To find the answers to your questions, we can analyze the given data for time (x) and distance (y).
Given values:
- \(x\) (time in minutes): 8, 5, 7, 2, 9
- \(y\) (distance in meters): 40, 25, 35, 10, 45
a. Every minute [_] meters are traveled.
To find the average rate of distance traveled per minute, we can calculate the total distance traveled and divide it by the total time taken.
Total distance: \(40 + 25 + 35 + 10 + 45 = 155\) meters
Total time: \(8 + 5 + 7 + 2 + 9 = 31\) minutes
Average rate: \[ \text{Average rate} = \frac{\text{Total distance}}{\text{Total time}} = \frac{155}{31} \approx 5 \text{ meters per minute} \]

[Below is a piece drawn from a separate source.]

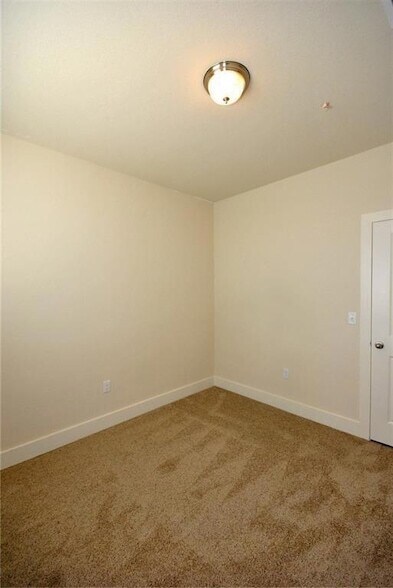 Building Photo - 2222 Creekside Ln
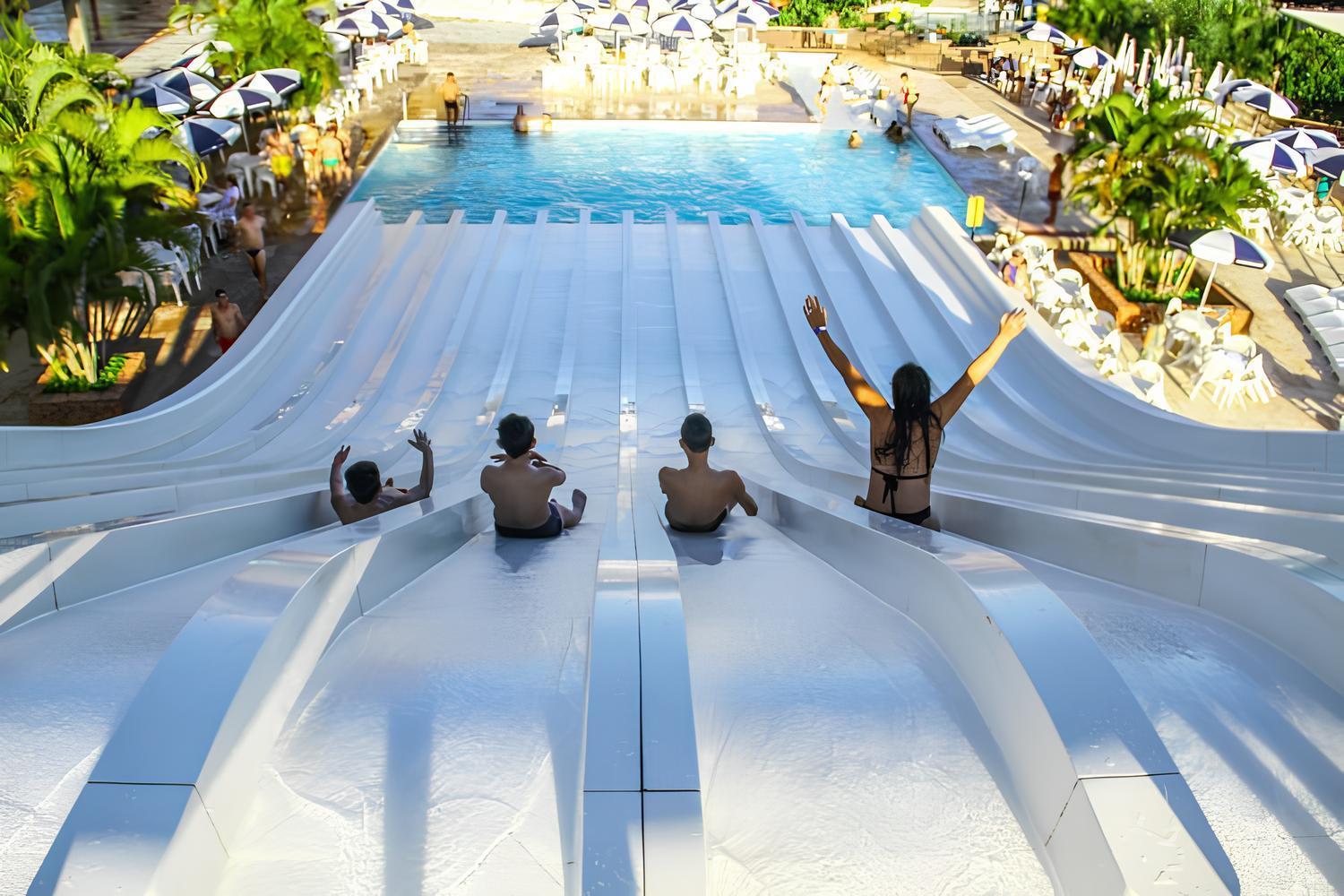 Piazza Diroma Com Acesso Ao Acqua Park Daire Caldas Novas Dış mekan fotoğraf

So, we can fill in the blank:
a. Every minute [5] meters are traveled.
b. Write an equation to show the relationship between x and y.
To find the relationship between time (x) and distance (y), let's assume a linear relationship of the form:
\[ y = mx + b \]
Where \(m\) is the slope (distance per minute) and \(b\) is the y-intercept.
From our calculation above, we found that the average distance per minute (slope \(m\)) is approximately 5. To find the y-intercept (\(b\)), we can choose a pair of data points; let's use the first point (8, 40).
Using the equation: \[ y = mx + b \] We can plug in \(y = 40\), \(m = 5\), and \(x = 8\):
\[ 40 = 5(8) + b \ 40 = 40 + b \ b = 0 \]
Thus, the relationship can be expressed as: \[ y = 5x + 0 \ \text{or simply} \ y = 5x \]
So we fill in the blank:
b. Write an equation to show the relationship between x and y. [y = 5x]
c. The relationship is [] because the y-intercept is [].
We have determined that the relationship is linear because we have established a linear equation in the format \(y = mx + b\) with a constant slope.
Since \(b\) (the y-intercept) is 0, we can fill in the blanks:
c. The relationship is [linear] because the y-intercept is [0].